The official notice, a copy of which was seen by AFP, says that the work-from-home scheme was related to efforts to reduce traffic congestion in the city during the ASEAN summit next month as well as to “decrease air pollution levels in Jakarta”.
It ordered 50 percent of civil servants employed by the Jakarta administration to work from home between August 21 and October 21, and said up to 75 percent of the capital’s government workers would work from home during the ASEAN summit between September 4 and 7.
Jakarta employed around 50,000 civil servants as of July, according to the regional civil service agency.
Acting Jakarta governor Heru Budi Hartono told reporters on Sunday that local governments in satellite cities surrounding Jakarta were also considering similar work-from-home arrangements for civil servants, although for a shorter period.

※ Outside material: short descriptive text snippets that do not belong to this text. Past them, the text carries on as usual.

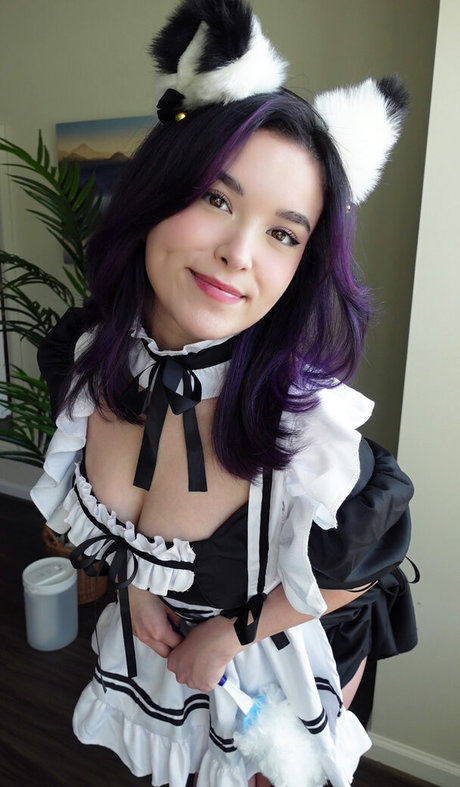 TheMishkaBear beautiful actress galleries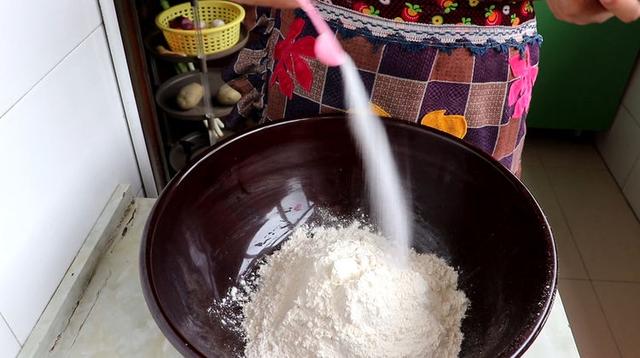 炒拉条子的家常做法，炒拉条怎么做最好吃（味道比饭店里的还好吃）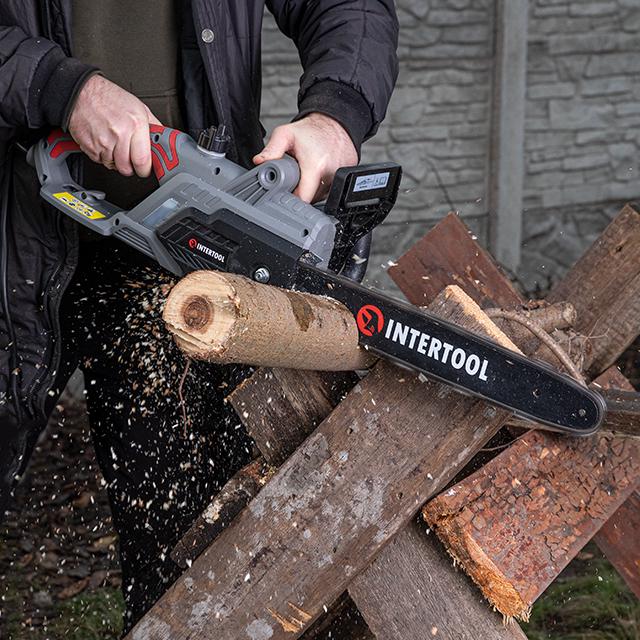 Пила ланцюгова електрична боковий двигун 2400 Вт/шина 40 см - фото 14 Пила ланцюгова електрична боковий двигун 2400 Вт/шина 40 см - фото 14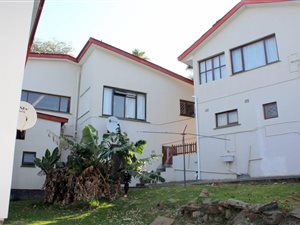 12 Bed House in Sunny Ridge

The Jakarta government would monitor the policy’s implementation, and could scrap it earlier than planned if it’s deemed unsuccessful, he added.
“If it’s effective, then I have to report to the Home Ministry,” said Hartono.
“If before October 21, it was not effective, for example, the civil servants who work from home are not disciplined, I will revert (the policy).”
The trial scheme is one of several government measures aimed at improving Jakarta’s air quality.
In an Instagram post last week, coordinating maritime and investment affairs minister Luhut Pandjaitan said the focus of the government’s emission control policies included zeroing in on the industrial and power-generation sectors.
“As an effort to control emissions, we will require industries to use ‘scrubbers’ and to cut coal-fired power plants. We will also implement an expansion and tightening of vehicle emission tests in the near term,” Pandjaitan said.
Vehicle emissions account for 44 percent of air pollution in Jakarta, followed by the energy industry with 31 percent and manufacturing with 10 percent, according to officials.
Spikes in PM2.5 levels in August were so bad that Jakarta topped Swiss company IQAir’s live ranking of air pollution in major cities at least once a day for four days straight.